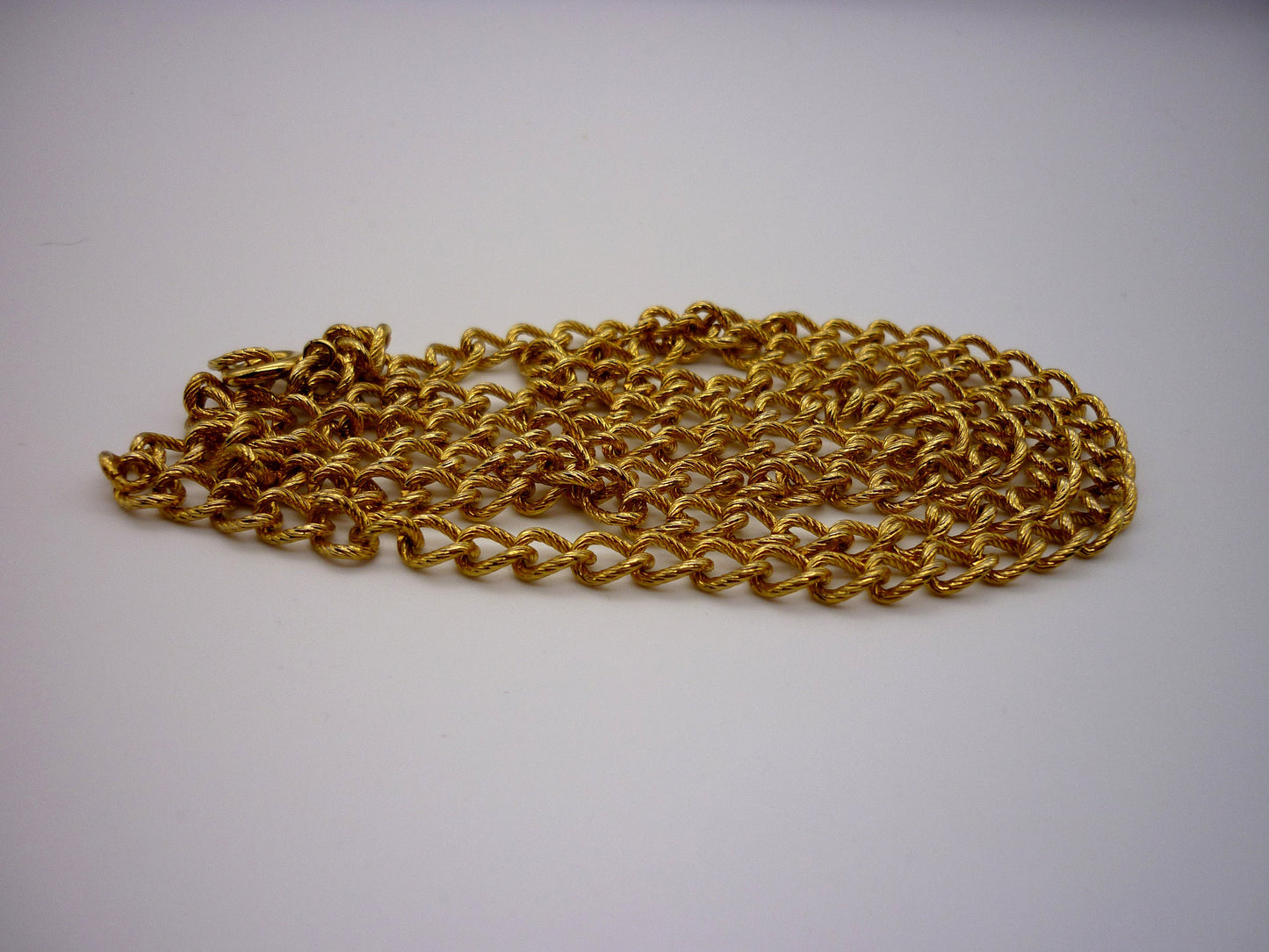 Vintage Long Gold Plated Curb Chain with Textured Links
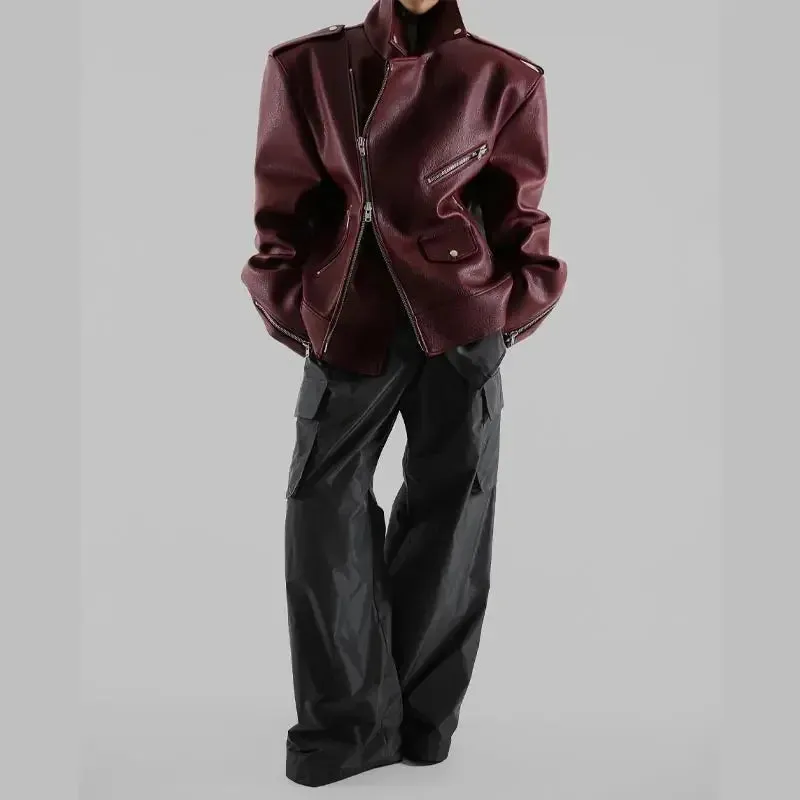Oversized Jessy Burgundy double Zipper Long Sleeved Coat Biker Jacket
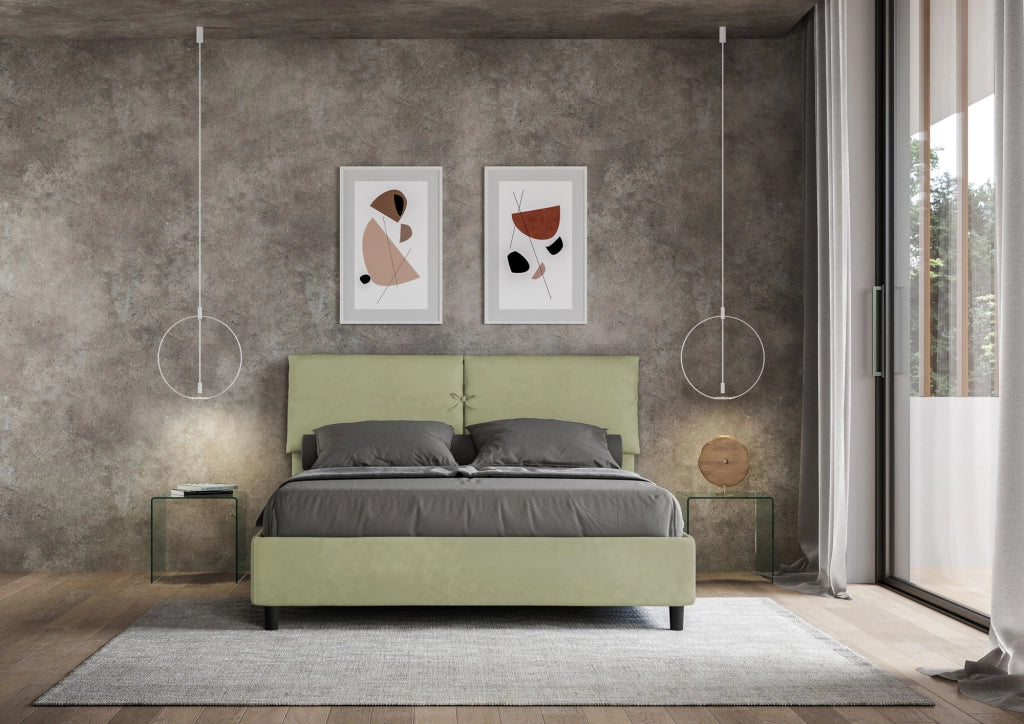 BS COM Letto matrimoniale contenitore imbottito 160x200 microfibra tè verde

■ Task ■
Please ensure that the data above is repeated exactly, with no pictures in the copy.

■ Output of the task ■
 Vintage Long Gold Plated Curb Chain with Textured Links
Oversized Jessy Burgundy double Zipper Long Sleeved Coat Biker Jacket
 BS COM Letto matrimoniale contenitore imbottito 160x200 microfibra tè verde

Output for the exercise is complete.